A database in its most pristine definition will have certain technical definitions around asset compliance and so forth. Otherwise, it's a data store. Elastic technically is a data store, but you'll see us ranked very highly in DB-Engines as one of the most popular databases in the world. So but we don't, we don't, we don't store transactional data. We don't want to be in the transactional database business competing with other database vendors. That's not where we play. If you think about most customers' data, it's either transactional data, say, sitting in a traditional database, or it could be data that is used more for analytical purposes, sitting in data stores. You have companies like Snowflake and Databricks and others.
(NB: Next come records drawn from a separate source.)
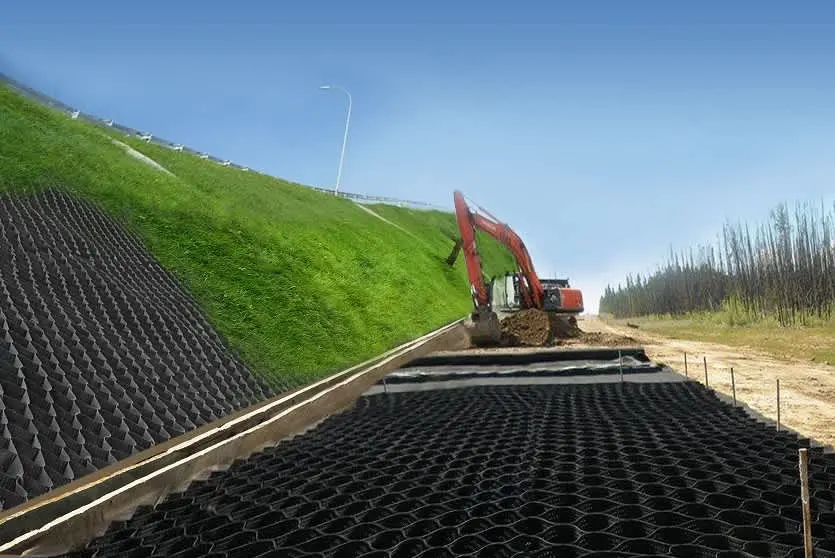 Geocell ve geogrid ile şev koruma: siyah plastik geocell panelleri şev yüzeyine serilmekte, ekskavator ile dolgu yapılıyor; tamamlanan bölümde yeşil çim örtüsü görülüyor
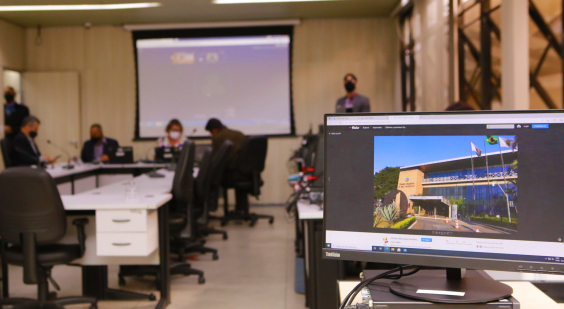 Reunião de Plenário realizada no plenário Helvécio Arantes. Monitor de computador exibe foto da fachada da Câmara. Ao fundo, vereadores compõem mesa de reunião. Telão exibe demais parlamentares em videoconferência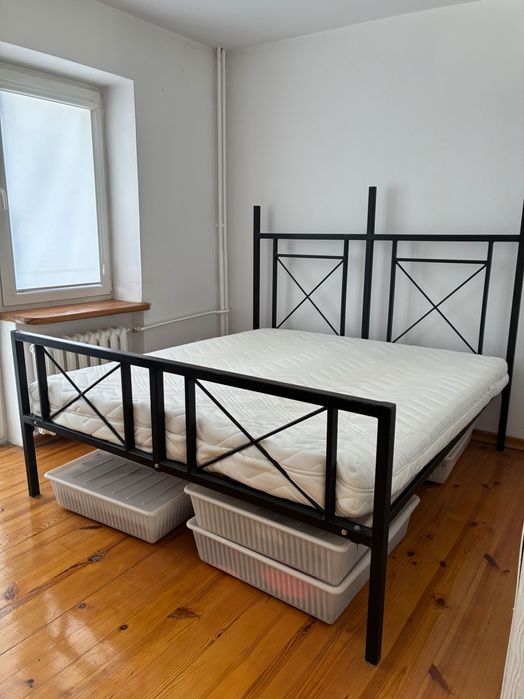 Łóżko z metalową ramą i materacem.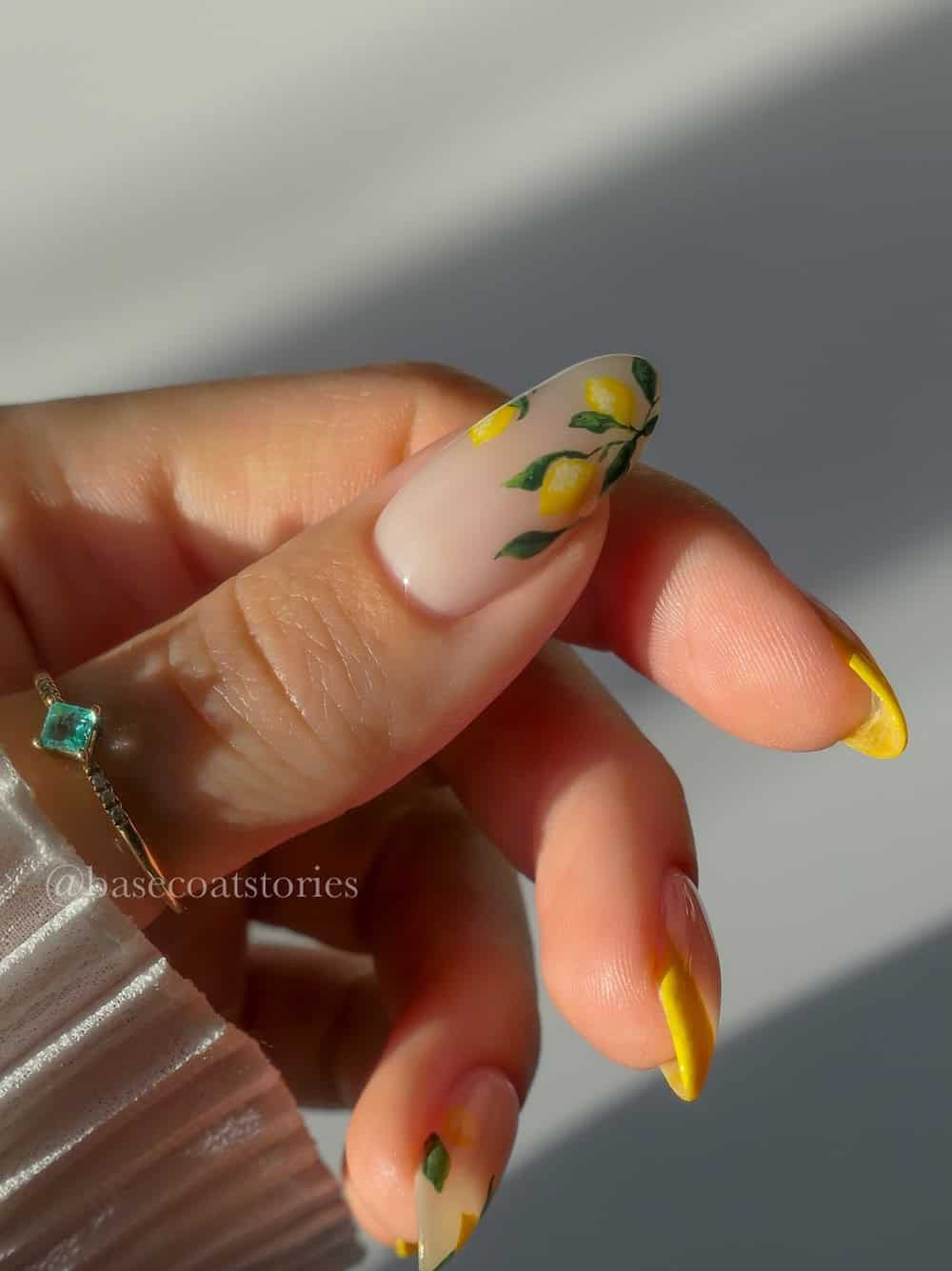 nude almond nails with yellow tips and lemon nail art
Or you have just deeply messy, unstructured data that is used for use cases like ours, that are core operational use cases.
Okay.
And that's where we tend to shine, and that's where a lot of our customers are using our capabilities. But fundamentally, I think in the industry, people tend to use those terms a little bit interchangeably.
Yeah. Thank you for that. And just industry-wide, we are all wondering, the hockey stick. Everybody's comparing semiconductor hardware with software. This is like a million, or I don't know, a billion-dollar question, that is the revenue going to trickle in? Because this year I'm hearing only 1% of the workloads are AI. So in your view, I know every time it's different, like, is it going to really trickle in? Like, what do the enterprise needs to see to actually go in, all in? Or is it going to be like a two-year, three-year, five-year proof of concept, and slowly they'll do production? Like, how should we be thinking about it?
Yeah, you know, my own belief is like other major technology transitions we've seen in our lifetimes, GenAI will eventually be much, much bigger than most people expect today, but it'll also take a lot longer to play out today. That's been history. If you sort of look at significant transitions in our lifetimes, that's what, that's what you'll have seen. I think that's how it plays out in GenAI, too. In terms of enterprise adoption and what's inhibiting enterprise adoption, I think we also have to recognize that not all AI is equal. There are AI-related use cases where you're trying to draw conclusions and inferences based on existing datasets and presenting, for example, summary results.
And, you know, a good example of that might be the way a consumer might interact with, say, a ChatGPT, and you say, "Write me a 100-word congratulatory note to an employee that just got promoted." You know, that's generative in nature, but you can restrict it to certain datasets. Or if you, for example, say, "Summarize my company's compensation policy for me," it's summarizing it based on an existing dataset. And then you can have other applications that generate a lot more content or different types of content, and that's where companies tend to be a little bit more careful with things like hallucinations and so forth. Interestingly, with RAG, which is where we help our customers, RAG helps control some of that, to a degree.
So that's another piece where customers leverage RAG and pick Elastic for that. But I think that's part of... As models continue to get better, models will get smarter. They might even get smaller. I think you'll see some of those naturally start to play out, and that's probably also why, in some of these initial use cases that tend to be a little bit more popular today, they're almost human-supervised use cases, where the output is being presented to an employee internally before being shared with a customer directly. I think eventually, you know, they will be shared directly, but it's a question of how long that takes, depends on how some of these other factors are addressed.
From our standpoint, again, the activity levels and the engagement levels we've seen with our customers, the success we've seen with actual paying customers, the engagements we have just gives us lots of conviction about the long-term opportunity that we see in front of us.
All right. Well, unfortunately, we could talk probably a lot longer, but we are out of time, so we have to wrap it up there. But Janesh, thank you for a terrific conversation. Appreciate it.
Thank you, Gregg. Thanks again for hosting us.